> **How to complete this task**: Within the lines below, the span from the line with "Man-United-vs-Arsenal-EN" to the line with "God of Pleasure - Chapter 44 - picture 213", both ends included, is to be reproduced exactly, with pictures omitted.

───── Given records

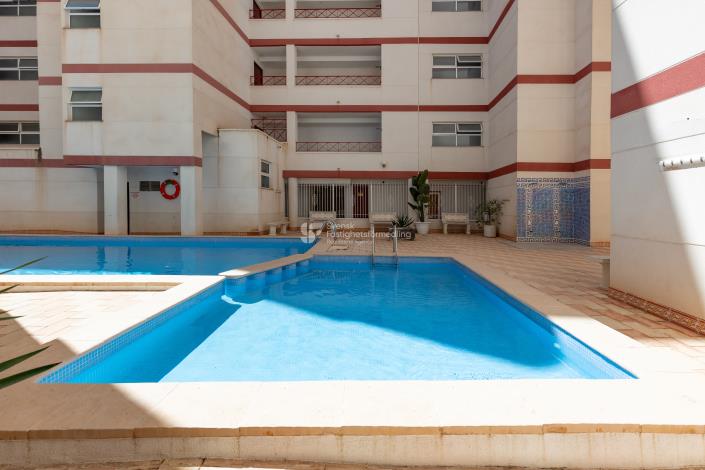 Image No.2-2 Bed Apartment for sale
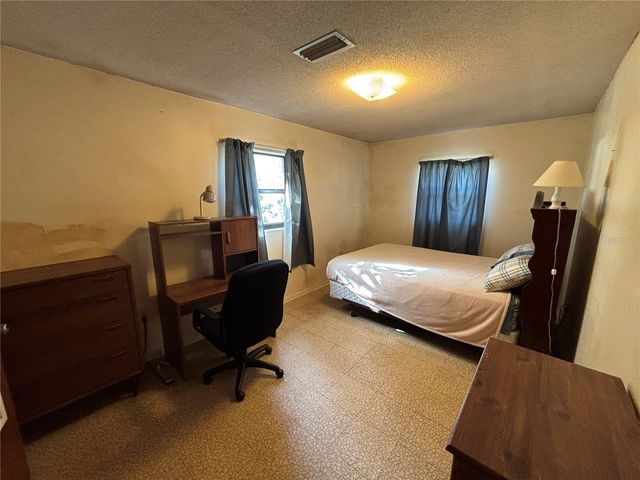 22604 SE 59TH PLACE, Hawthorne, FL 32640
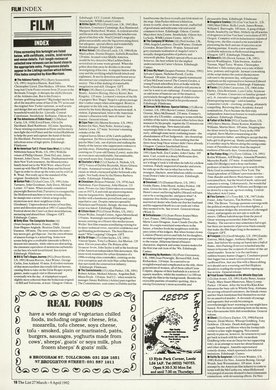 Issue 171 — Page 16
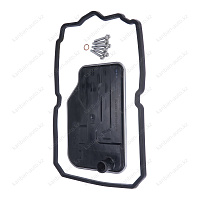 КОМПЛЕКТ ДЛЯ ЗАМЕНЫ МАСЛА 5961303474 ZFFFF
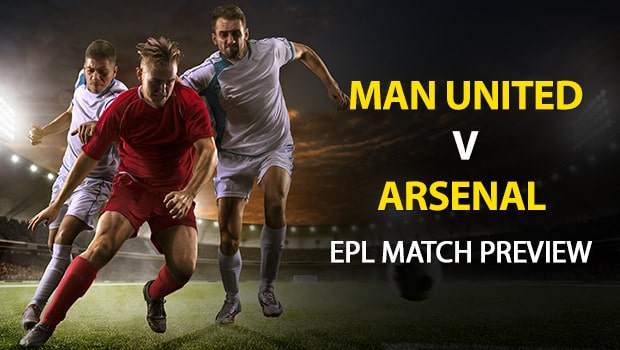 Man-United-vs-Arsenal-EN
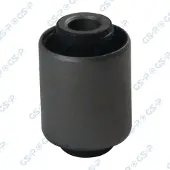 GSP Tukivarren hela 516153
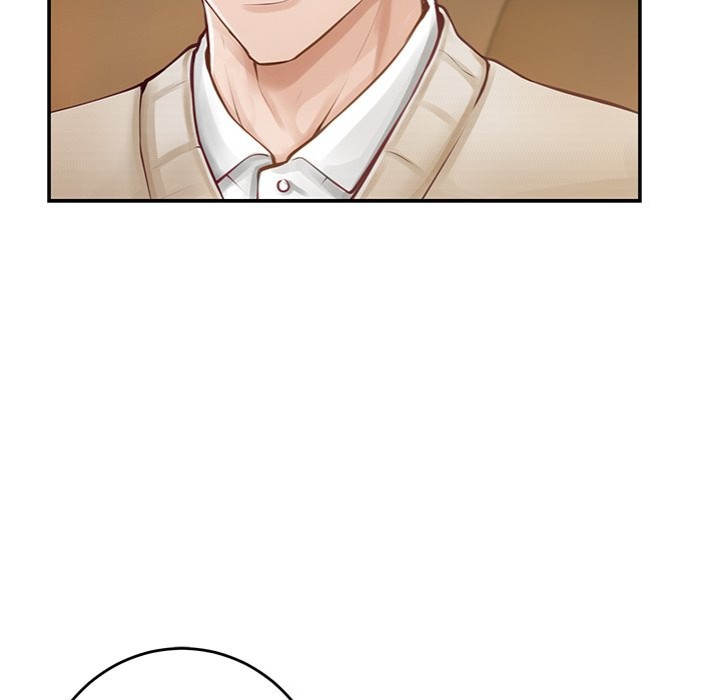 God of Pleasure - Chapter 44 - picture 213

──────────
───── Given records

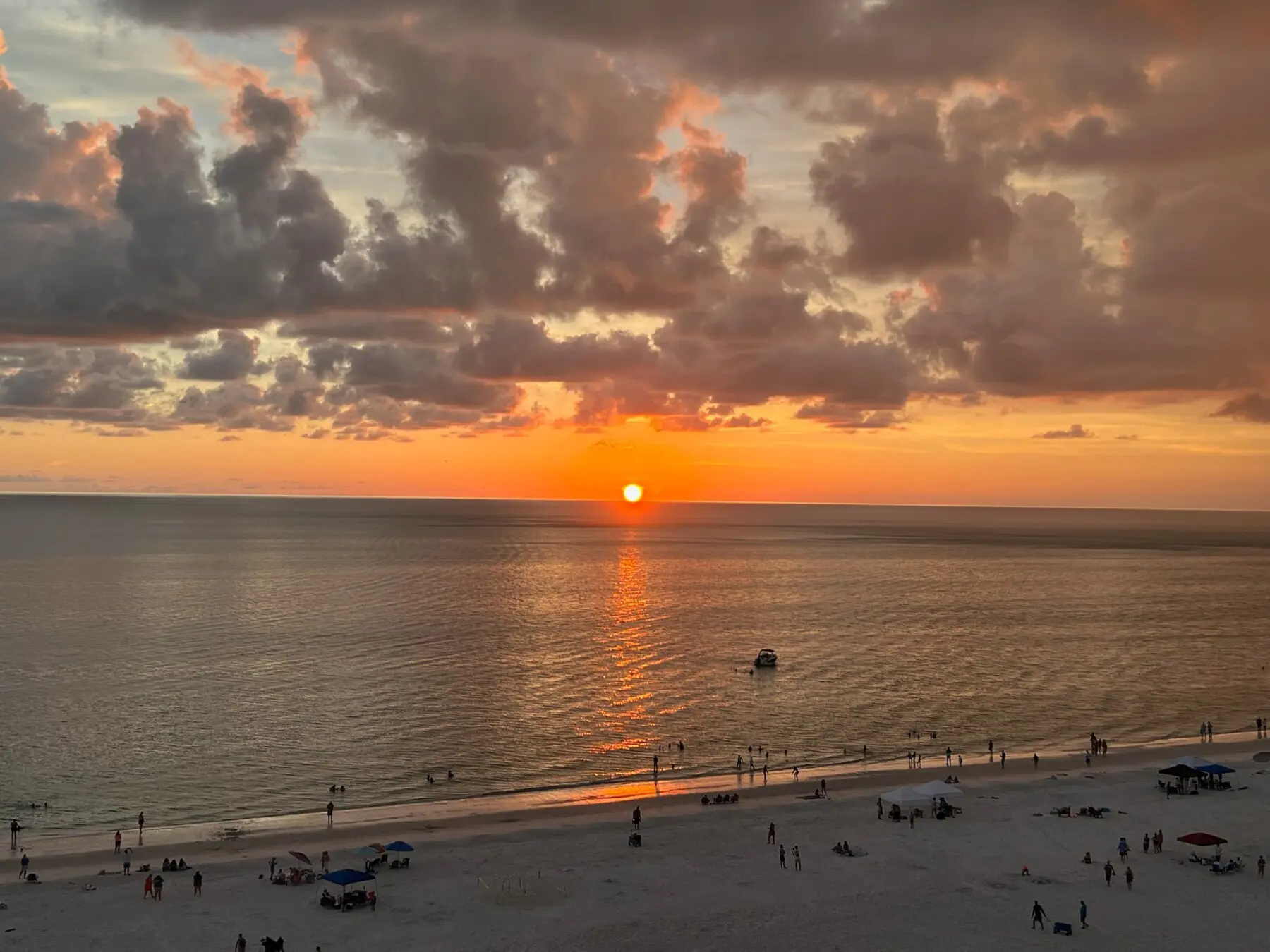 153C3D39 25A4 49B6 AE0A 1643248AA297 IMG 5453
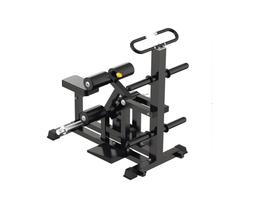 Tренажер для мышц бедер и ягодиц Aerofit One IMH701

──────────
───── Given records

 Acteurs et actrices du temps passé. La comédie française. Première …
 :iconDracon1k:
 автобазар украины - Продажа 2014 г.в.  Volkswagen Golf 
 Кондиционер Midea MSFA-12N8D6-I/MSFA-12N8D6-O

──────────

> **Response below**:
 Man-United-vs-Arsenal-EN
 GSP Tukivarren hela 516153
 God of Pleasure - Chapter 44 - picture 213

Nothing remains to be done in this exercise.